Kebijakan penurunan bunga ini nantinya akan dirasakan manfaatnya oleh sekitar 10 hingga 15 juta pelaku usaha ultra mikro yang tergabung dalam binaan PNM Mekaar. Beban bunga berkisar 18-25% yang sudah berjalan selama belasan tahun terakhir dipastikan segera berakhir.

"Jadi ini berlaku untuk kurang lebih sekitar 10-15 juta ibu-ibu pengusaha ultra super mikro di tanah air kami yang di bawah binaan PNM. Itu tadi diputuskan pinjaman untuk mereka itu diangka sekitar 8% pinjamannya," urainya.

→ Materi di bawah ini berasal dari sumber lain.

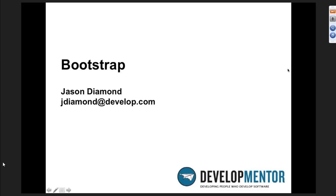Hi everybody. My name is Jason Diamond and welcome to our webinar on Bootstrap, the CSS framework from Twitter. We're going to see how to use it, get a feel for what it has to offer, integrate it into an MVC application, and see what we can do in an hour.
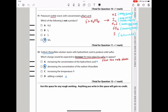Question 12: sodium thiosulfate solution reacts with hydrochloric acid to produce solid sulfur. Which change would increase the time taken for sulfur to appear — i.e., slow down the reaction? Increasing concentration of HCl increases rate, so that is wrong. Decreasing concentration of sodium thiosulfate is possible. Increasing temperature always increases reaction rate, so that is wrong. Adding a catalyst increases rate, so also wrong. The only answer is B.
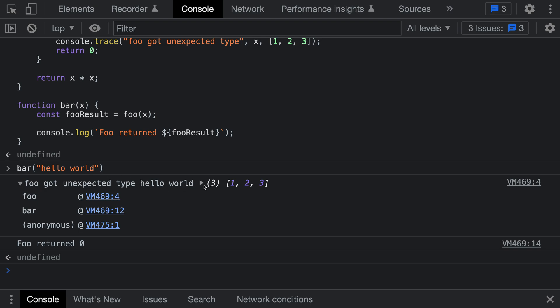You can see it's printed out the value of x, which in this case is 'hello world,' and then it's printed out that array. Because the array is a dynamic object, I can actually interact with that just like I would if I had printed the array using console.log. That's a quick introduction to console.trace in JavaScript.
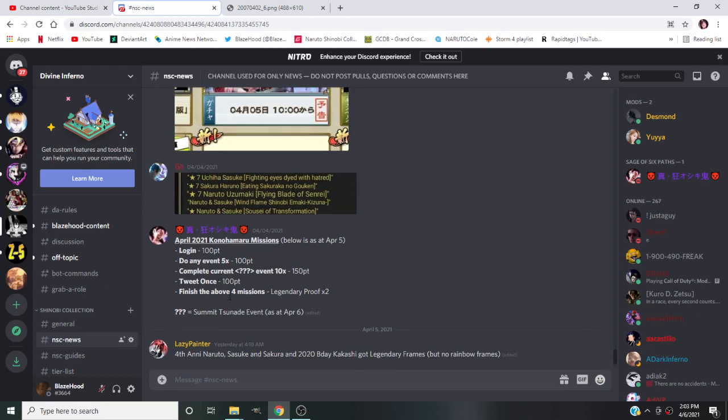If you missed out on Sasuke and you really want to try to go in for the Kizuna or the duo Naruto and Sasuke, then you know by all means. But I still would recommend skipping on this banner.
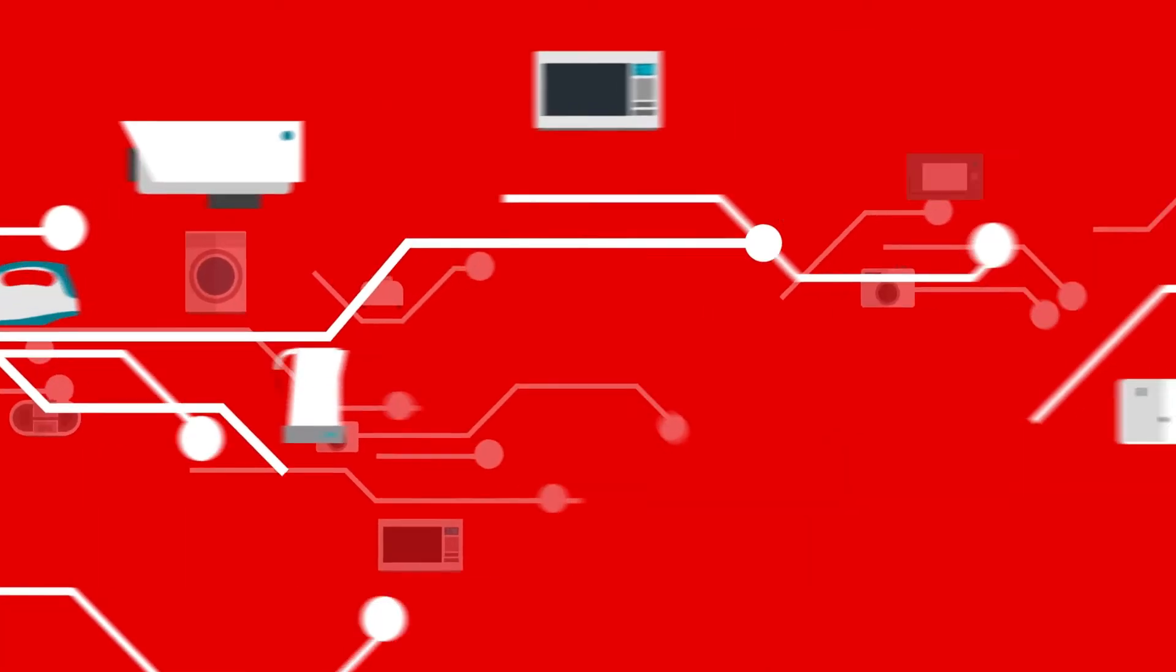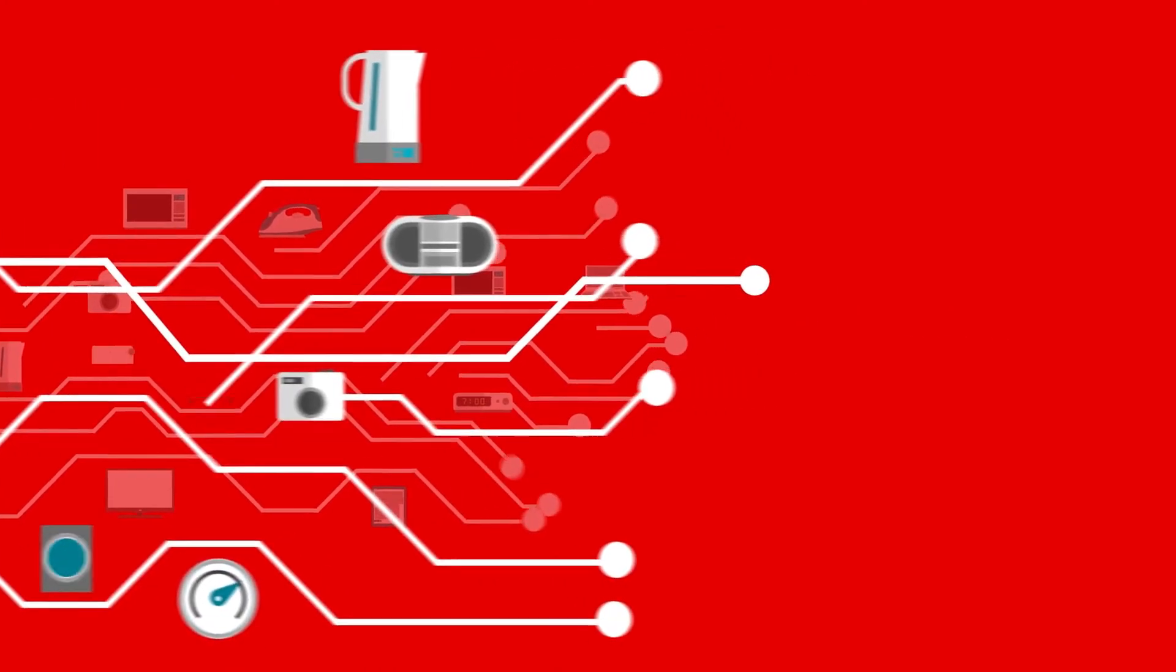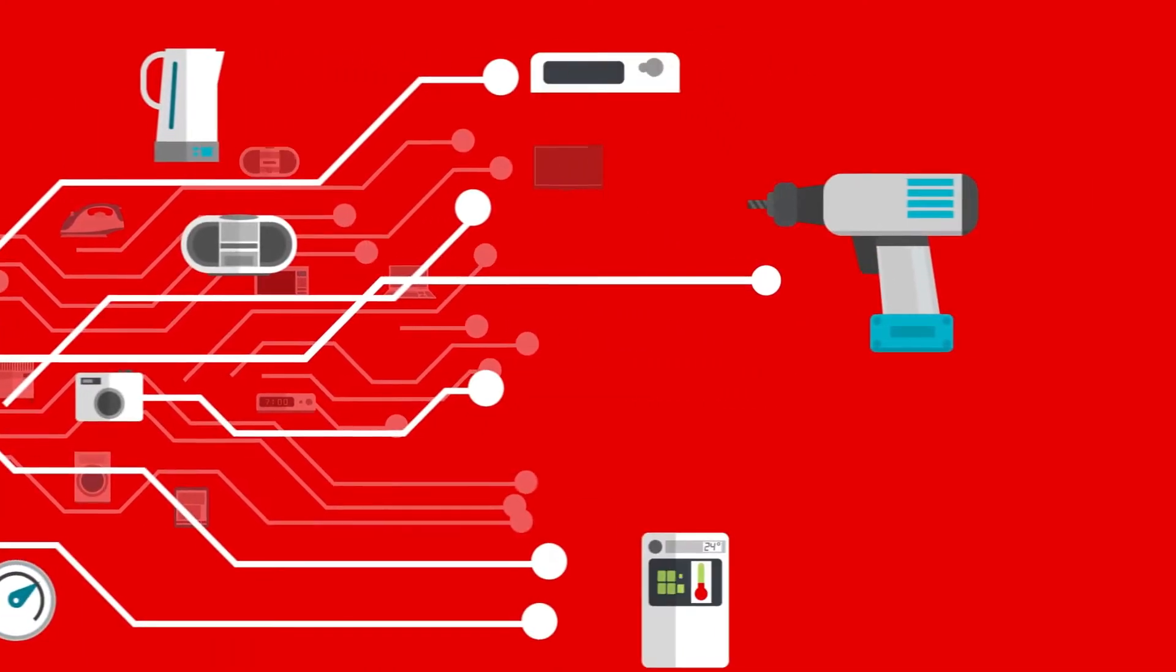2023, a year where analysts predict there will be over 20 billion IoT devices.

Tingginya persentase bunga operasional selama ini disebabkan oleh besarnya biaya penunjang bagi para petugas lapangan atau account officer (AO) yang melakukan pendampingan langsung ke rumah-rumah nasabah. Untuk mengatasi kendala biaya operasional tersebut, pemerintah mengambil langkah dengan mengucurkan subsidi bunga sekitar 10%.

"Jadi, di PNM itu mereka punya account officer, account officer memberikan pendampingan, monitoring lah kepada ibu-ibu ini. Jadi diberikan subsidi kurang lebih sekitar 10% di dalam range pinjaman ini. Jadi alhamdulillah tadi sudah dikalkulasikan nanti bunga pinjamannya sekitar kurang lebih 8%," tandasnya.